Lyes Louffok, très impliqué dans la démarche, explique qu’il s’agit “de compléter l’action du gouvernement qui a récemment renforcé sa communication sur le 119 en direction des adultes, explique nous avons choisi de cibler un public plus jeune, en espérant que cela permette de signaler davantage d’enfants en danger, et serve aussi à renforcer la connaissance de ce dispositif chez les enfants et les adolescents, dont on sait qu’ils sont prioritaires au 119 et que leurs appels peuvent donner l’alerte, qu’ils soient victimes, témoins ou confidents”.

Leur silence est un cri.
Nous avons 3, 4, 10, 12 ou 15 ans.

Nous sommes 140 000 enfants, probablement plus, exposés à la violence entre nos parents, dans nos foyers. Souvent victimes nous-mêmes, nous sommes deux chaque semaine à mourir. Rien qu’en 2016, 131 des nôtres ont été tués, 67 au sein de leur famille.

Nous sommes officiellement 52 000 chaque année à subir des violences physiques, sexuelles et psychologiques, mais probablement bien plus nombreux qui n’en parlons pas. Plus de 165 000 à subir des viols ou tentatives de viols, souvent d’une personne de notre famille.

Nous sommes des enfants, des adolescents, de tous les milieux sociaux, filles et garçons, victimes de violence.
Alors que nous avons peur dans notre foyer, les mesures qui nous protègent de l’épidémie en cours, dans le même temps nous y enferment et nous mettent davantage en danger. L’isolement actuel rend encore plus difficile à percevoir les signes des violences que nous vivons. Nos écoles sont fermées et la vigilance dont nous bénéficions n’est plus possible.

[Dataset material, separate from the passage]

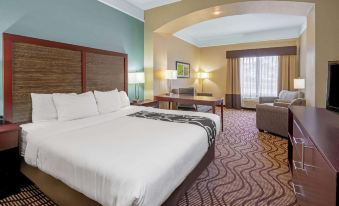 La Quinta Inn & Suites by Wyndham Houma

Notre silence est un cri, entendez-le.”

Ces mots, les enfants ne les disent pas, ils ne s’expriment pas toujours et encore moins dans ces termes d’adultes. Pourtant les adultes doivent les entendre et doivent savoir. C’est pourquoi nous, associations de protection des droits de l’enfant, écrivons ces mots pour eux, pour les protéger. Nous poussons un cri.

Alors que commencera demain la cinquième semaine de confinement, il est peu de doutes concernant le fait que les situations de violences à l’encontre des enfants augmentent dans ces circonstances particulières. Si les chiffres des violences faites aux femmes augmentent de plus de 30%, de tels chiffres ne sont pas connus pour les enfants. On sait toutefois que la violence physique s’abat dans près d’un cas sur quatre sur les enfants du foyer, et qu’ils sont des co-victimes de ces violences, lorsque la violence est indirecte. 80% des violences faites aux enfants ont lieu dans le cadre intrafamilial.

La situation est grave, elle est urgente. Confinés, les enfants voient leurs interactions sociales diminuer et leurs chances de pouvoir confier ce qu’ils vivent, de trouver du répit ou d’être aidés par un adulte bienveillant sont infimes. Les moyens d’alerter sont donc réduits, et les numéros d’urgence dont le 119 prennent encore plus d’importance, ils peuvent dans certains cas être l’unique solution. Pourtant, la première semaine de confinement a été dans la norme voire en deçà du nombre d’appels habituel et depuis, la hausse des signalements reste modérée.

Après le confinement viendra la sortie du confinement, avec des conséquences économiques et sociales importantes, qui risquent de fragiliser les familles et de pérenniser ou d’accroître encore les violences faites aux enfants.

C’est pourquoi la campagne d’information et de sensibilisation que nous lançons s’adresse aux enfants et aux jeunes en utilisant des mots simples afin qu’ils comprennent et en parlent, en caractérisant ce que sont les violences pour les aider à les identifier, en choisissant de communiquer en priorité sur les réseaux sociaux que les adolescents fréquentent et en ciblant la presse destinée aux enfants.

Plus largement, le cri que nous lançons doit être entendu de tous et de toutes : pendant le confinement comme après, il est crucial de redoubler de vigilance et de signaler au 119 tout doute concernant les violences, physiques, psychologiques ou sexuelles dont des enfants pourraient souffrir. On ne dira jamais assez qu’il vaut mieux signaler, au risque de se tromper, plutôt que de laisser un enfant en danger.